--- AIM OF THE TASK ---
Copy out exactly, from the entries that follow, the line holding "Locatie op kaart", the line holding "Un paziente gli", and all lines between them, but no pictures.

--- EXTRACTED ENTRIES ---
=== Section Start ===
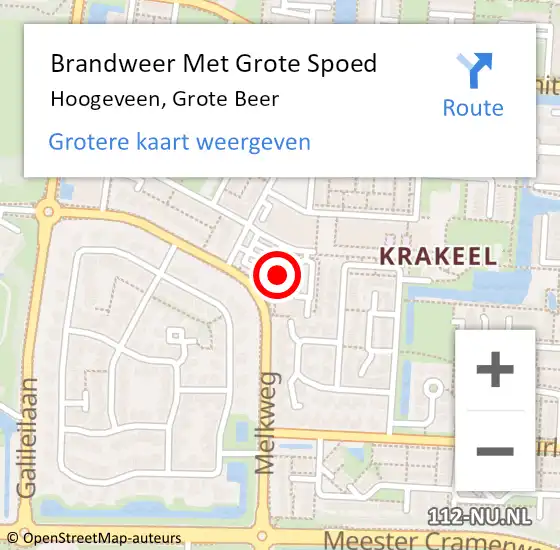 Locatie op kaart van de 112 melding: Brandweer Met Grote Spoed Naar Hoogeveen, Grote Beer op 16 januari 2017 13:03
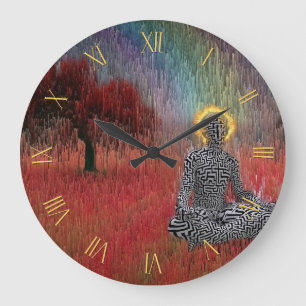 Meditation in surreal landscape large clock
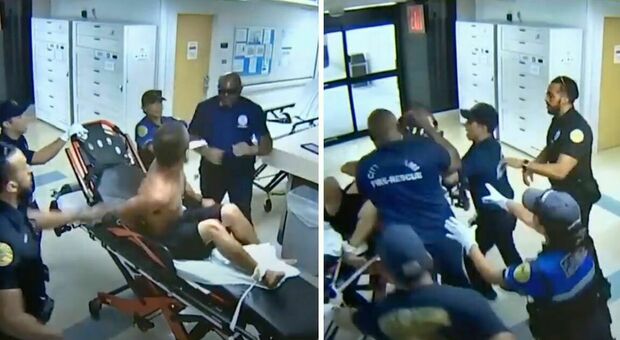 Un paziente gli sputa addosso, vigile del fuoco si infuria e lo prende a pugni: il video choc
=== Section End ===
=== Section Start ===
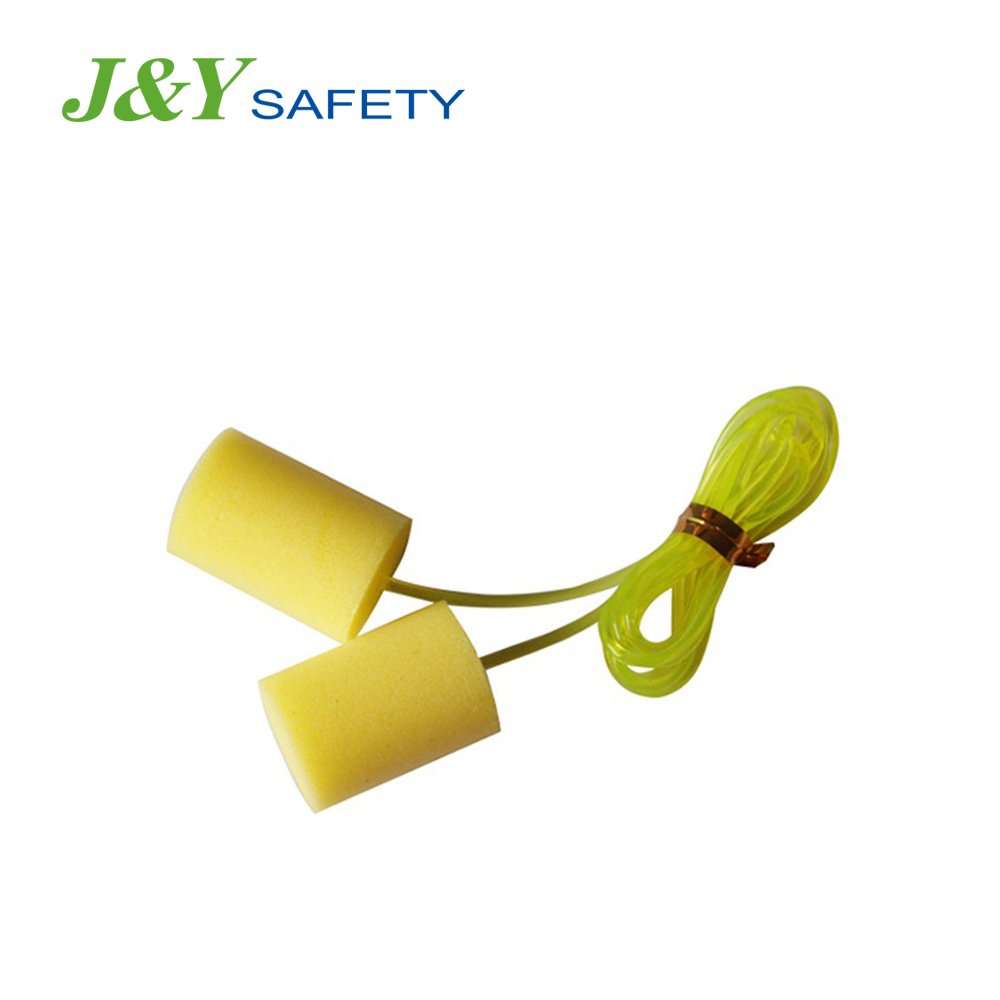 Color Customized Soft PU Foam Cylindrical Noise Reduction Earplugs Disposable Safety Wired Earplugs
=== Section End ===
--- YOUR SOLUTION ---
 Locatie op kaart van de 112 melding: Brandweer Met Grote Spoed Naar Hoogeveen, Grote Beer op 16 januari 2017 13:03
 Meditation in surreal landscape large clock
 Un paziente gli sputa addosso, vigile del fuoco si infuria e lo prende a pugni: il video choc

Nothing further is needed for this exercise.